Anyone who has seriously studied the so-called “immigration issue” in the United States knows the problems extend well beyond the U.S. southern border with Mexico. In fact, the U.S./Mexico border itself is a varied geographical region, stretching from Texas through New Mexico through Arizona to California—a terrain of unforgiving deserts and a daunting river and in some places formidable rocky escarpments and ravines. And building a wall across such a great expanse of nearly 2,000 miles is all but impractical. Even so, the Trump Administration has just won a huge victory from the U.S. Supreme Court(Donald J. Trump, President, et. al. v. Sierra Club, et. al. 2019) for the approval of using billions in military funds to construct Trump’s grand wall.

In order to protest such wall construction, various artists, both Mexican and American, have staged numerous artworks along the borderlands and on the already extensive wall-system. One of my favorites, is a black-and-white giant baby overlooking the wall from the Mexican side—a quizzically huge baby face—underlining how children are being treated at the border in U.S. detention facilities. Another of the more creative and recent projects, were “pink seesaws” extending through the wall, whereby Mexican and American children may seesaw up and down in play. Thus, demonstrating a barrier does little in preventing borderland human interactions nor deny borderland mutual interests on either side of such fencing.

When examining the so-called “immigration issue”, we soon realize there is an enormous class difference in how it is being addressed. For example, there is considerable evidence to suggest more visitors to the United States overstay their “tourist visas” than cross the U.S./Mexican border. So, those with the means to buy an airplane ticket and apply for student visas, or tourist visas, or work visas, are more likely to overstay and the immigration numbers bear this out, far exceeding southern-border crossers. Yet, practically nobody in the media or politicians discuss the “overstayers” as a problem. Many indigenous poor and overall the indigent from the Central American “Northern Triangle”—El Salvador, Guatemala, and Honduras—would rather risk their lives trekking through Mexico to make it to the United States than remain in their home countries.

Why are so many Central Americans willing to gamble with their lives to come to the United States? What are conditions like in their home countries? Why is the United States cutting off developmental aid to these Central American countries?

Before answering these important questions, let me address certain political memes, those partisan ideas becoming copied and popularized among Republicans about immigrants. One is that Democrats want “open borders” is a complete nonsense. Another is that immigrants are coming to the U.S. to take away your healthcare and will be given a “free ride” on everything—another complete nonsense. At least, Democrats will more likely be more guarded about immigrant healthcare in coming months. If the U.S. were to provide such coverage to undocumented immigrants it would be an outlier among first world countries according to the New York Times. And currently, like European countries, it does not.

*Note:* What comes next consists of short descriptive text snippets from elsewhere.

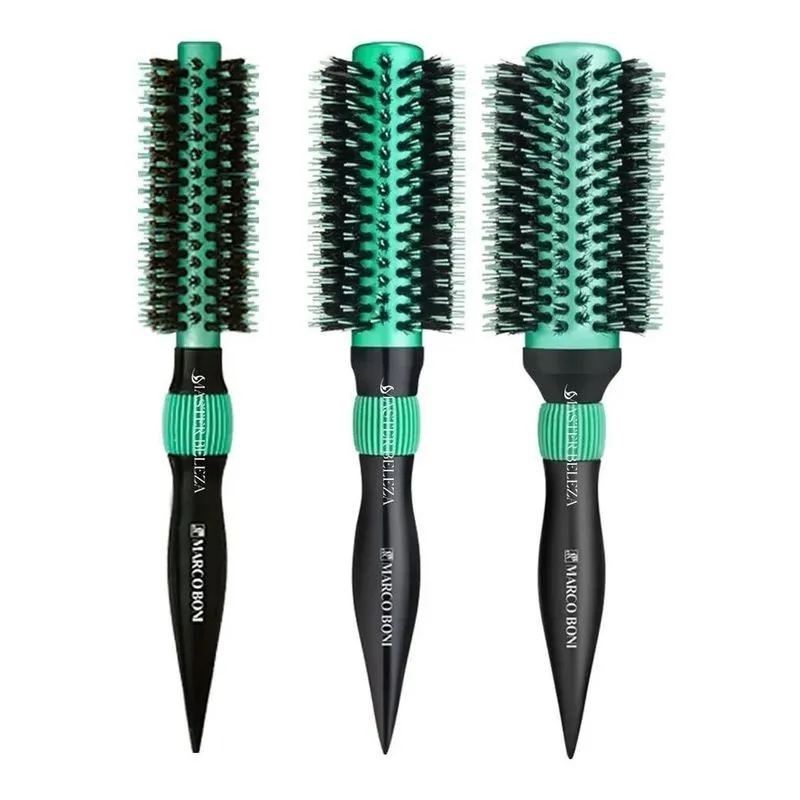 2x Kit 3 Escovas Profissionais Thermal Metallic Class Verde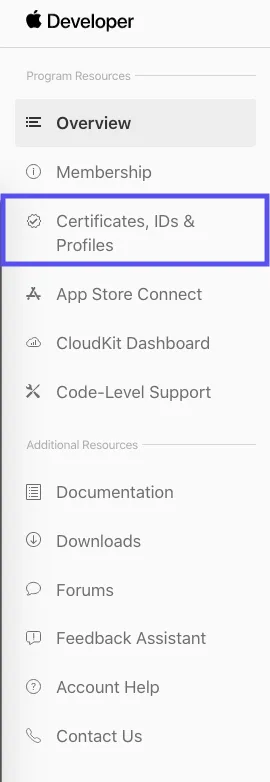 Apple Developer Console - Certificates, Identifiers & Profiles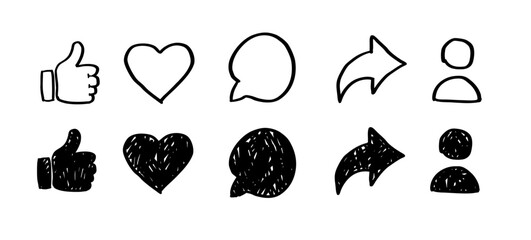 Hand drawn Like, heart, comment, share and save icon set. thumb up icon symbol. Doodle Social media notification icons , social network user interface flat icons, post reactions collection set. 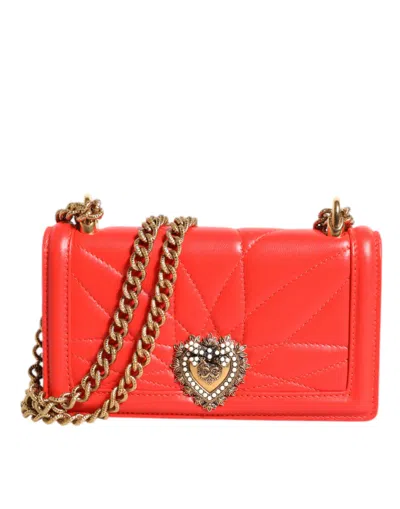 Dolce & Gabbana Red Leather Quilted Devotion Crossbody Phone Cover Women's Bag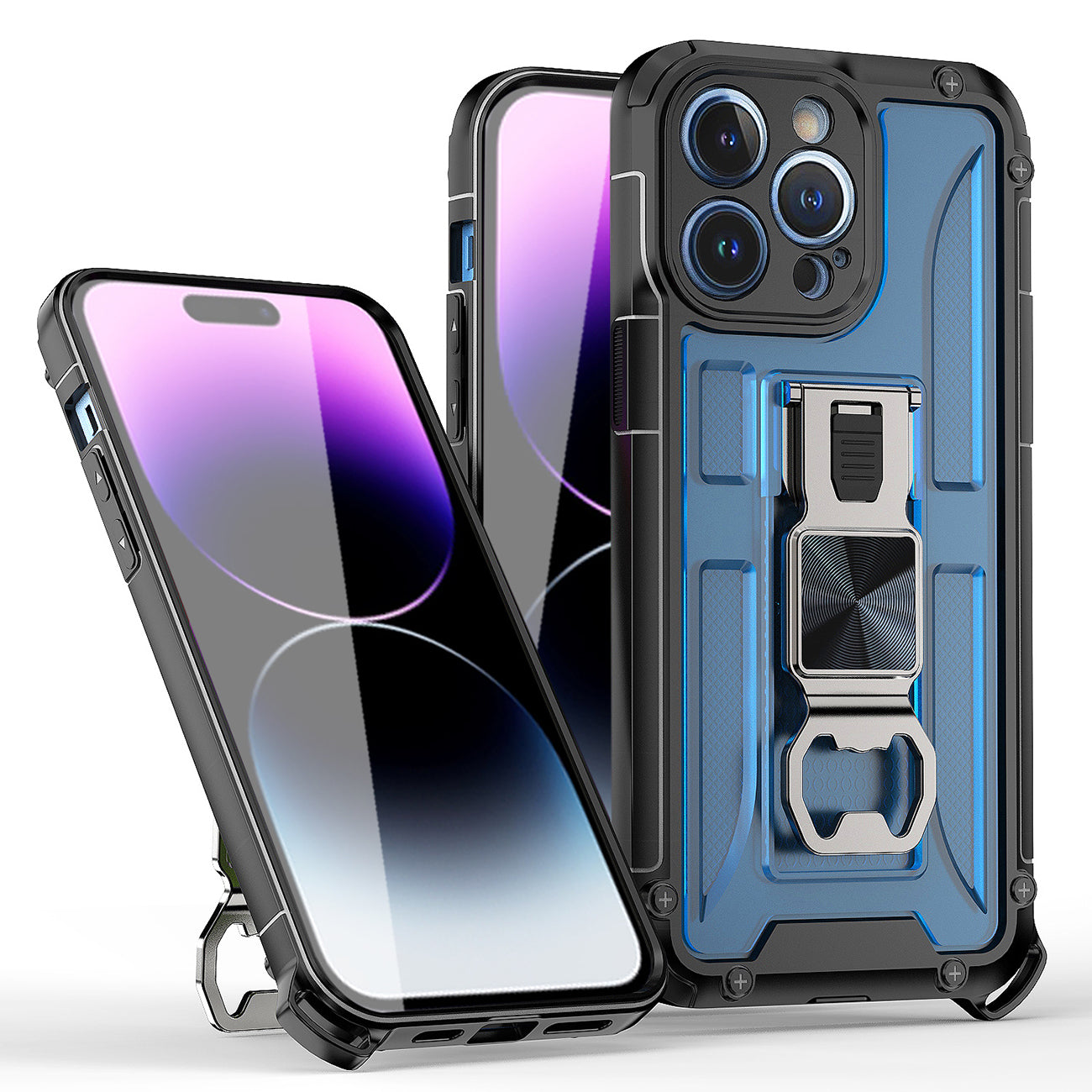 Kickstand Ring Holder/Bottle Opener with Magnetic Car Mount for IPHONE 14 PRO MAX In Blue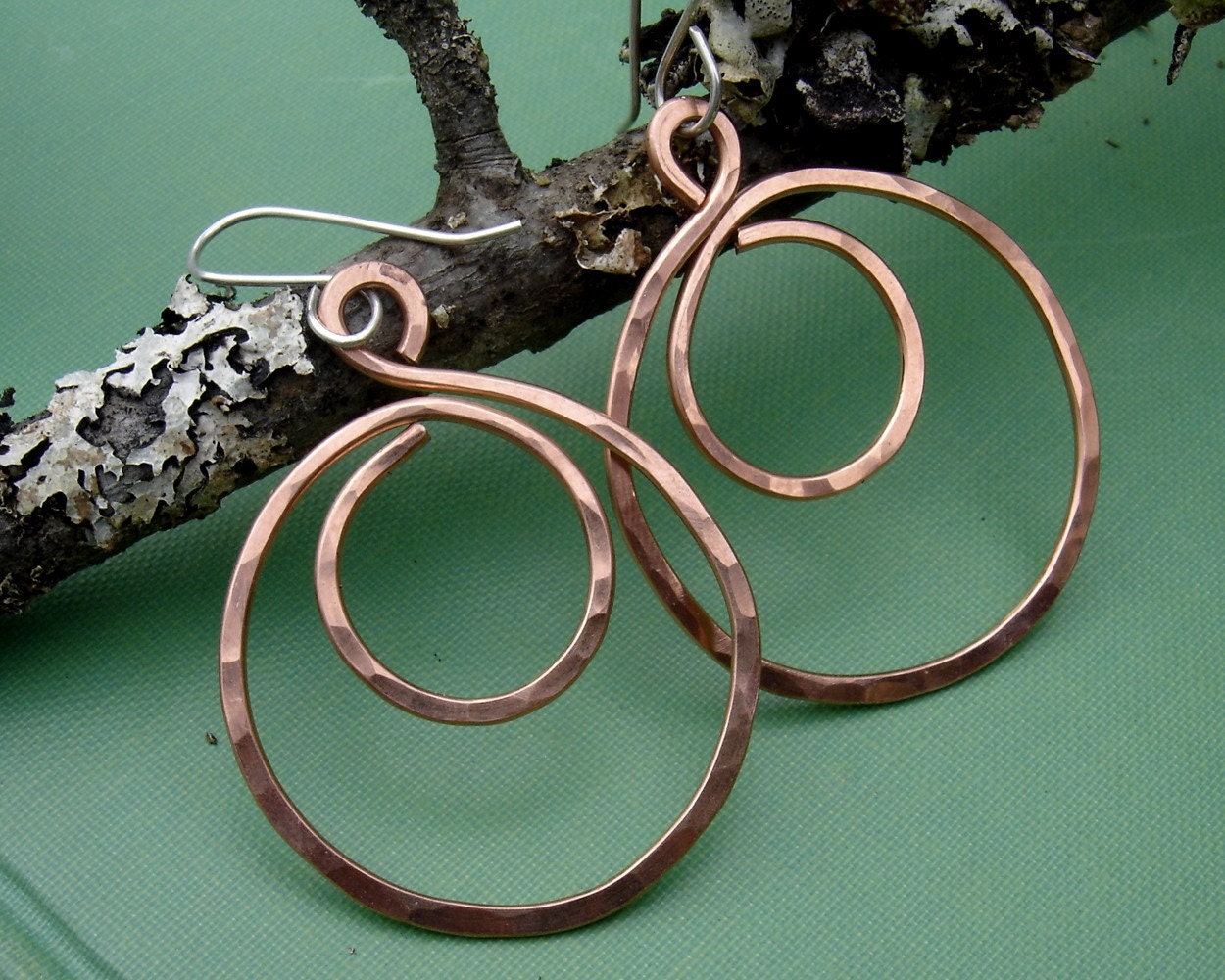 Items Similar To Antique Hoop Earrings Oxidized Wire Wrapped Copper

No serious person believes in “open borders”. The United States of America will protect its borders, regardless if a Republican or a Democrat is in the Whitehouse. We are a nation-state and all nation-states protect their borders in some fashion. And yet, our immigration policies cannot be based upon racism or xenophobia either but upon practical considerations.

After all, we are a nation of immigrants and built by immigrants, as well as a post-genocidal society from our maltreatment of our Native American population, and a post-slavery society from our maltreatment of African-Americans. Moreover, new migrants, undocumented aliens, do the jobs most other Americans do not want to do. They work in restaurant-kitchens cooking your food; they bus your tables at restaurants; they do the landscaping for your yards; they pick your fruit and vegetables; they work in the poultry and the meatpacking industries; they work as domestics and clean your houses; they clean your hotel rooms; they take of your children; and they work many hours and for lower-wages; and above all else, they pay federal income taxes.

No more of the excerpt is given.